This raw-milk, blue cows cheese is made in Nottinghamshire. I bought some from Rennet and Press, and it’s also available from Neal’s Yard Dairy.

SticheltonStichelton’s a stilton-like cheese, but made with unpasturised milk. It’s a moist cheese, pale yellow, with a deep green-blue veining that’s denser towards the centre of the cheese.

It’s gloriously rich and buttery, smooth and soft, melting in my mouth. There’s a bright rich spicy, blue taste, and some underlying caramel sweetness, and a fruityness that’s not too dense and not too tart – pears and apples, I think. Lots of toasty, smooth hazelnut flavours, and a decent, but not overwhelming, amount of salt round it out. The rind’s delicious, too – the fruit and caramel notes come to the fore out at the edges where the veining’s less intense.

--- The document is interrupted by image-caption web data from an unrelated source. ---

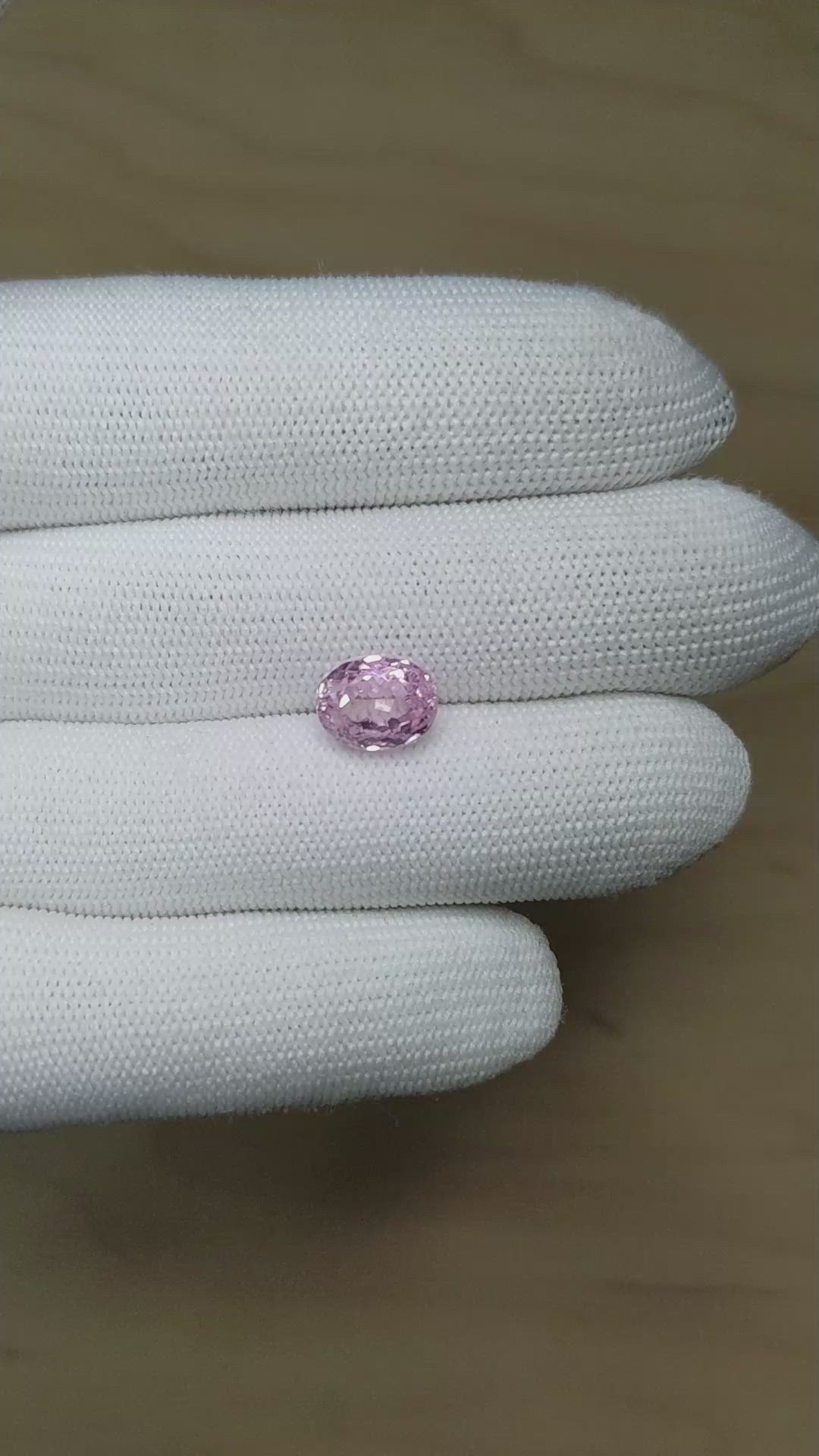 4.25 Ct. Kunzite from Brazil Size Video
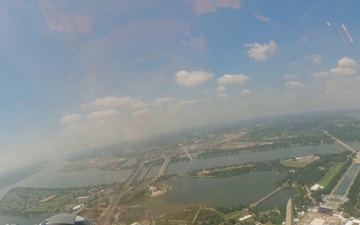 Salute to America 250 from the F-22 Demonstration Team cockpit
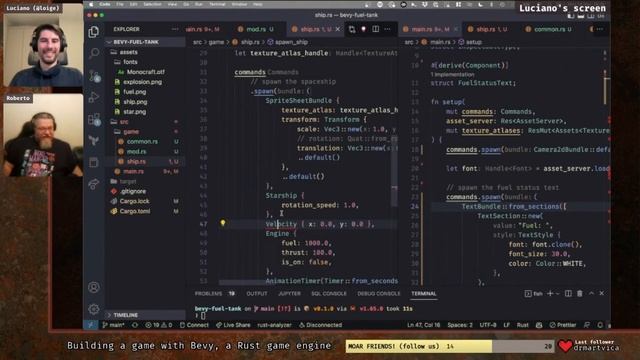 ? Building a 2D starship game in Rust with Bevy - PART 3 (migrating to Bevy 0.9) смотреть онлайн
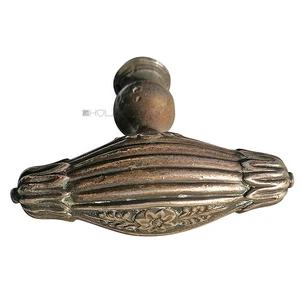Türknauf antik Türgriff floral Blüte alt 270gr. 81mm 8er Vk - Bild 1 von 2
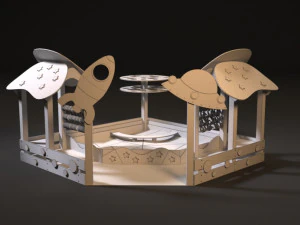 playground sandbox 3D Model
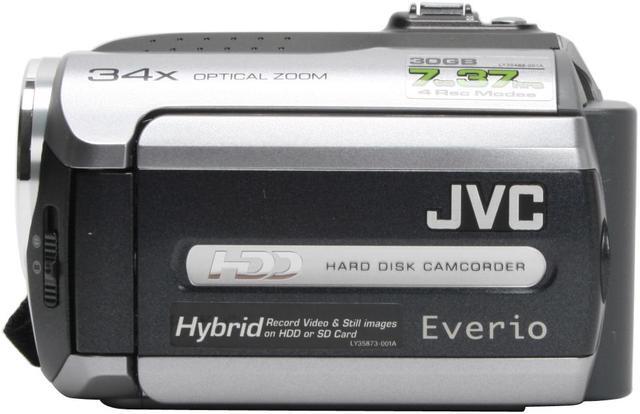 Alt view image 4 of 14 - JVC GZ-MG130 1/6" CCD 2.7" 112K LCD 34X Optical Zoom HDD/Flash Memory Camcorder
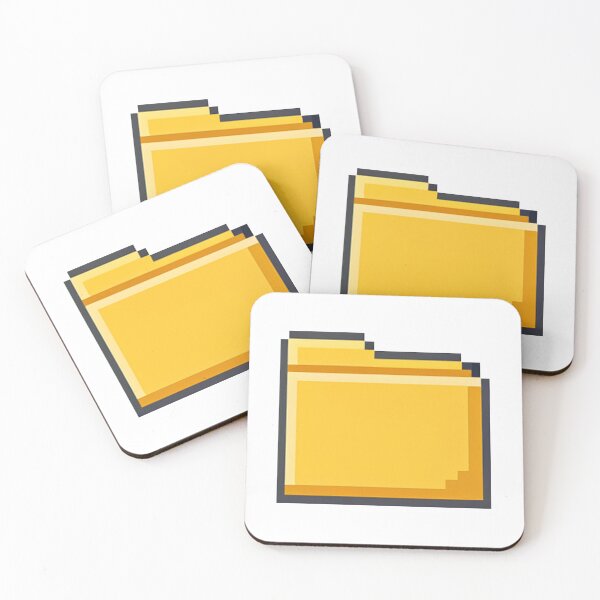 Item preview, 8-bit pack: Retro Pixel Art Vintage Folder Icon designed and sold by altervision.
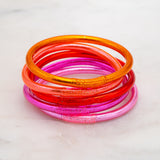 Bracelet Bouddhiste Rainbow Ikita Lot de 5 - Rose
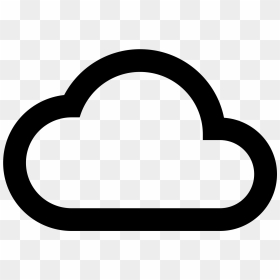 Cloud Icon Png Free Download - Transparent Cloud Computing Icon Png, Png Download - cloud drawing png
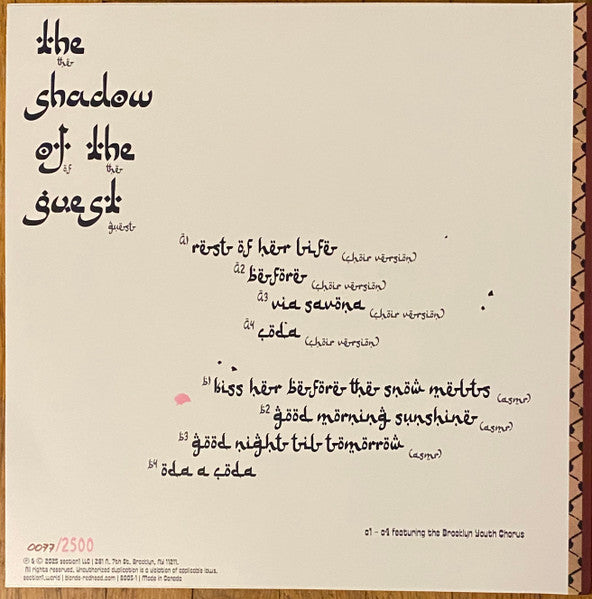 Blonde Redhead ~ The Shadow Of The Guest (Vinyl) - Djungel & Jazz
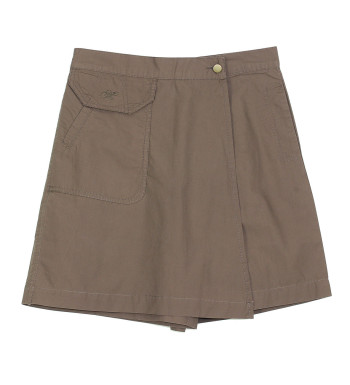 Jupe-short noisette coton femme – Style chic, poches pratiques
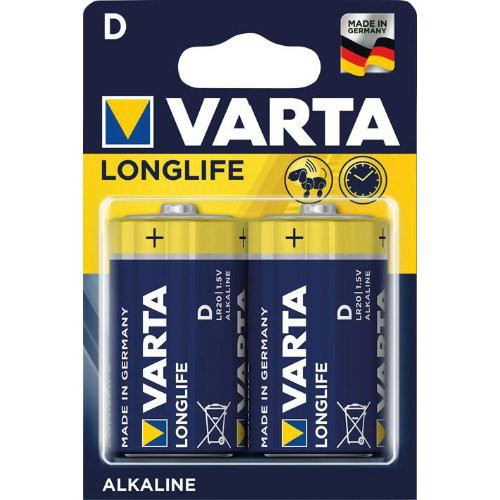 Batterie LONGLIFE Mono 2-er Blister D Varta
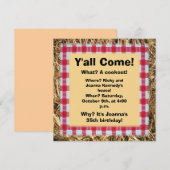 Jullie komen allemaal op informele bijeenkomst kaart (Voorkant / Achterkant)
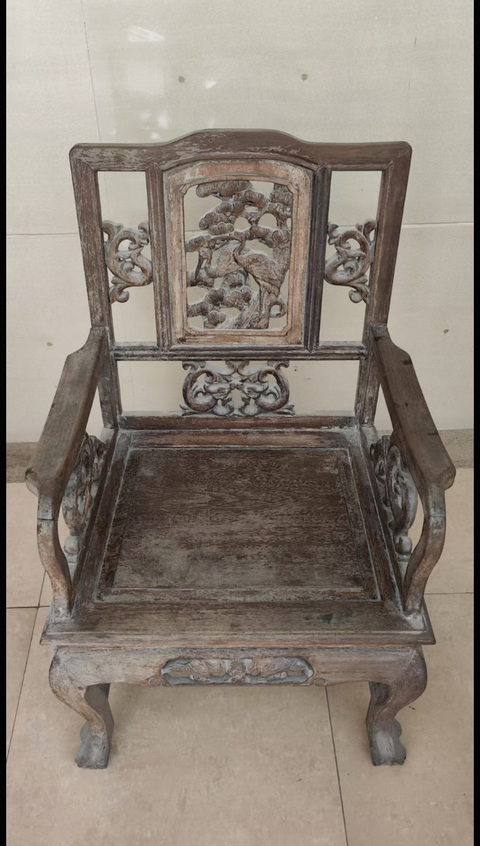 古玩雜項座椅真品鑒賞圖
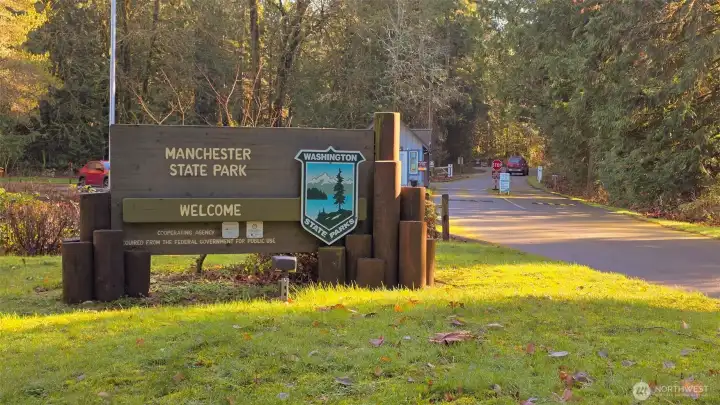 Manchester park just around the corner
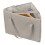 Bolsa triangular colgante para almacenamiento con asa. 1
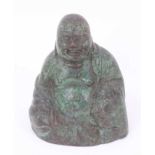 Hollow cast bronze Buddha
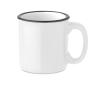 Tasse vintage avec impression en couleur couleur noir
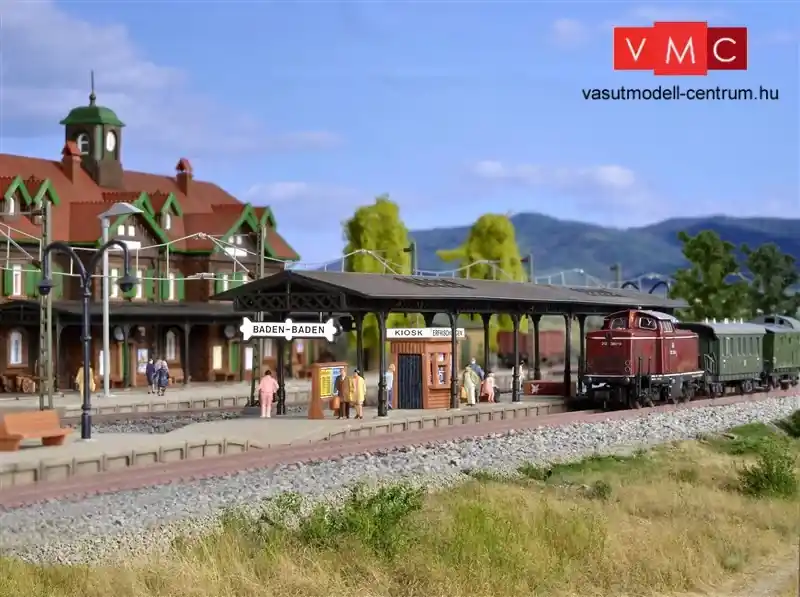 Vedd meg most Vollmer 7504 Állomási fedett peron, Baden - Baden, 7 részes (N)
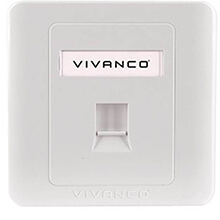 1-port Faceplate VIVANCO VCA10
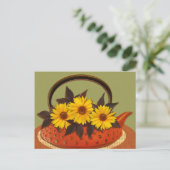 TEAPOT BOUQUET POSTKARTE (Stehend Vorderseite)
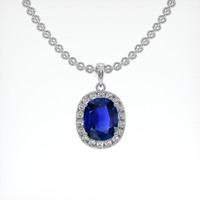 2.14 Ct. Sapphire Pendant, Platinum 950 1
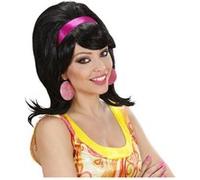 W WIDMANN MILANO Party Fashion - Perruque Seventies, années 60, Carnaval, Fête à thème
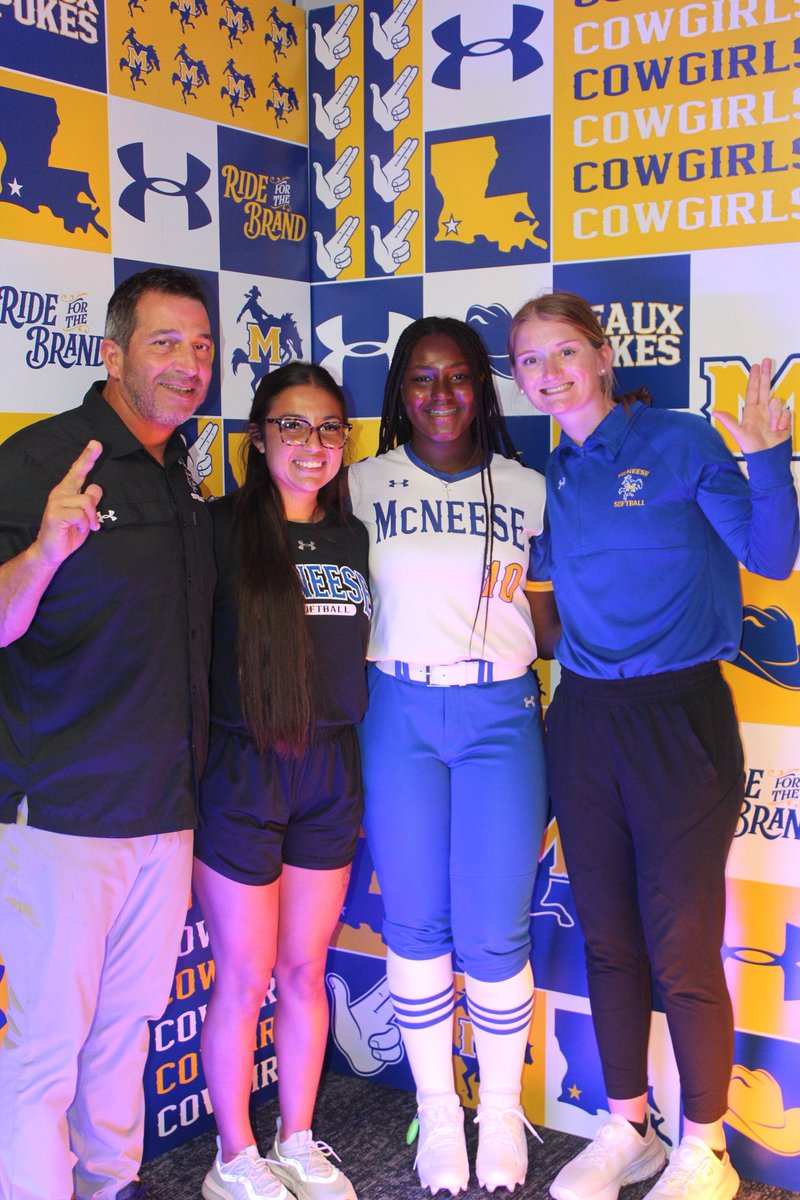 corinneh56's tweet photo. I’m very blessed and grateful to announce my verbal commitment to McNeese State University to continue my academic and athletic journey. I want to thank my family, coaches, and teammates for their endless support and for helping me get to where I am today. I'm so excited for this next chapter and can't wait to be a Cowgirl!
@CujoTheBeast17 @TXRiptideCuyos @CoachEmPhillips @McNeeseSoftball @SamCamp50 @LandreneauJames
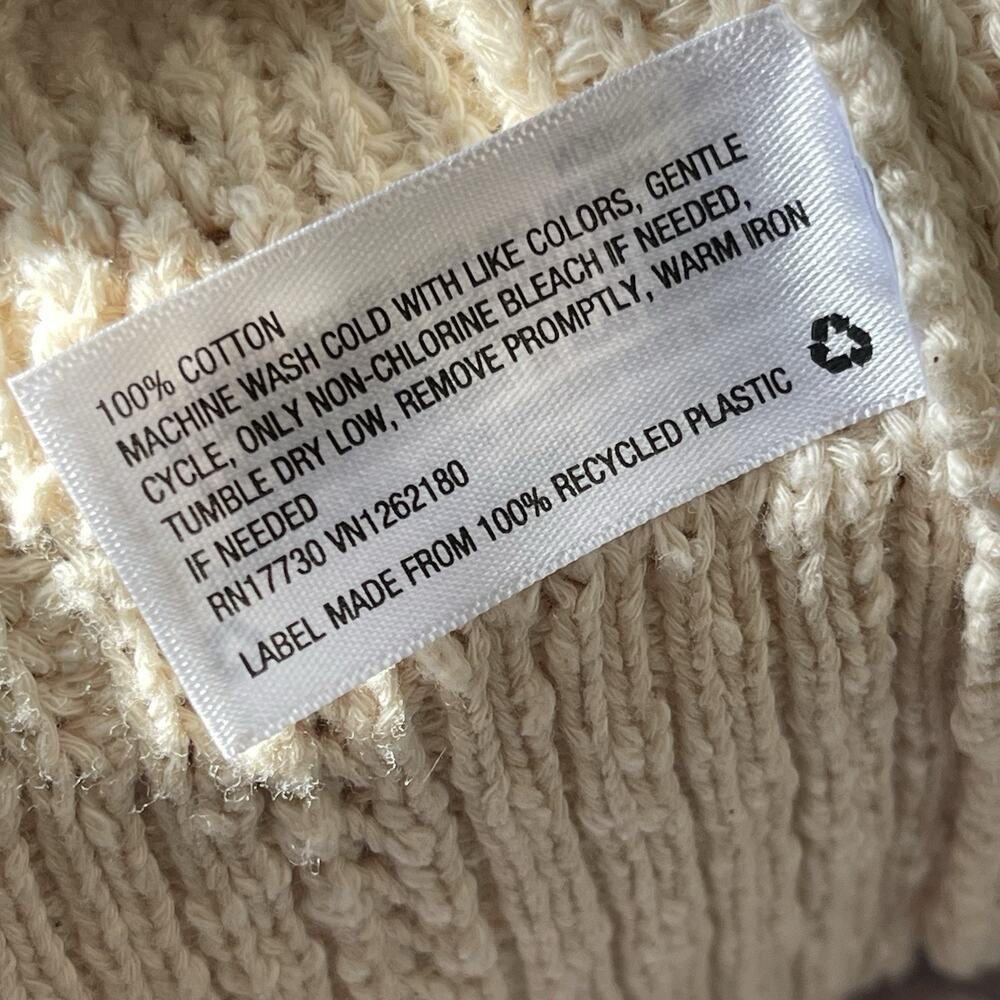 Universal Thread Cream Chunky Knit Button-Up Card… - image 4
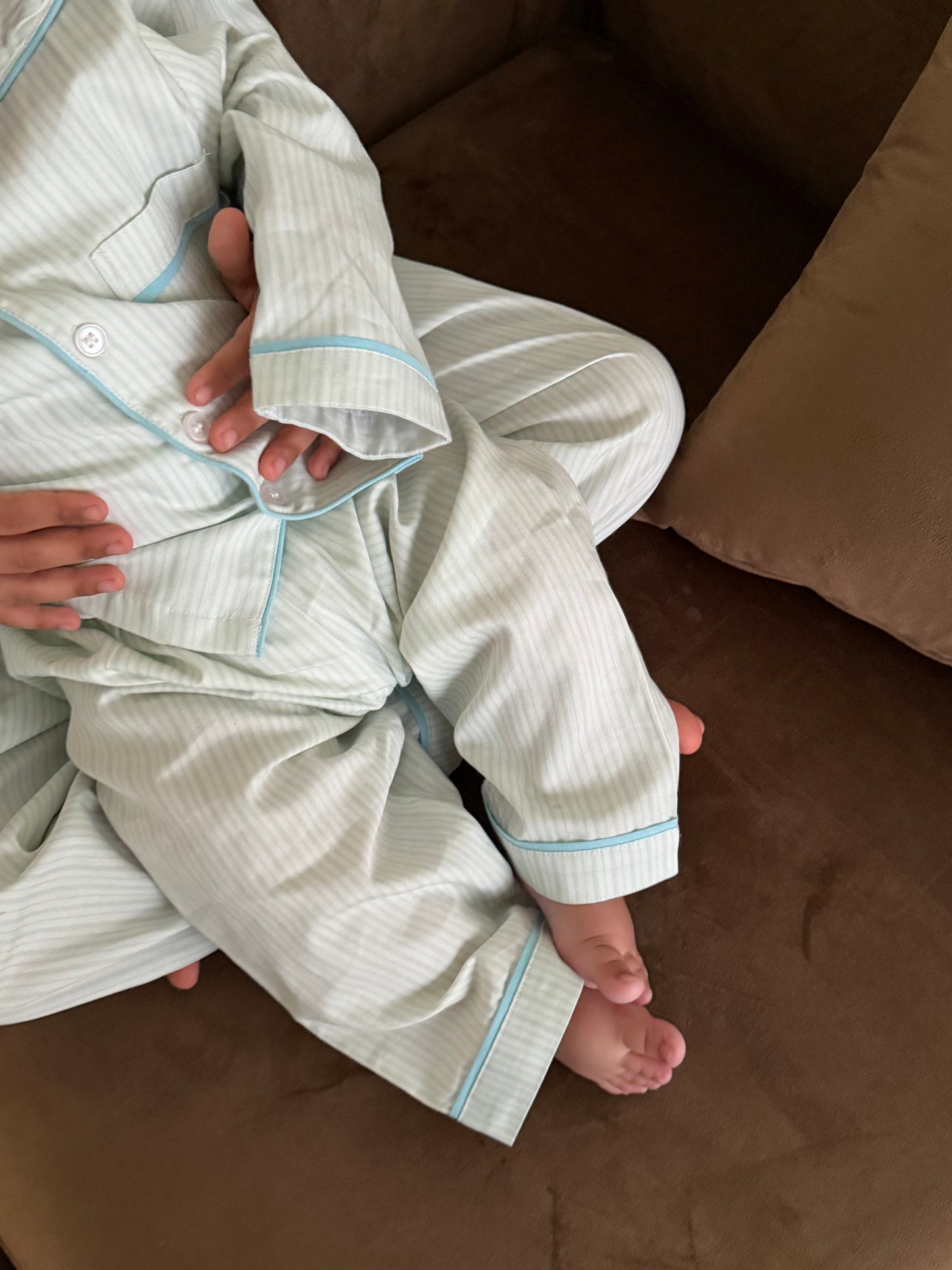 The striped pajamas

Corruptible Vegan is definitely corrupted by this cheese. She hacks lumps off and eats it straight from the knife.

Cheesy woofer: When Finn smells me taking this out of my bag he spontaneously sits down in anticipation, wagging his tail with hungry glee. How can I not let him sample it? He declares it delicious, and eats even the bluest bits from the centre.

Conclusion: Delicious, and proper Christmassy, this cheese. We have another wedge of this waiting for Christmas evening and a glass or two of port.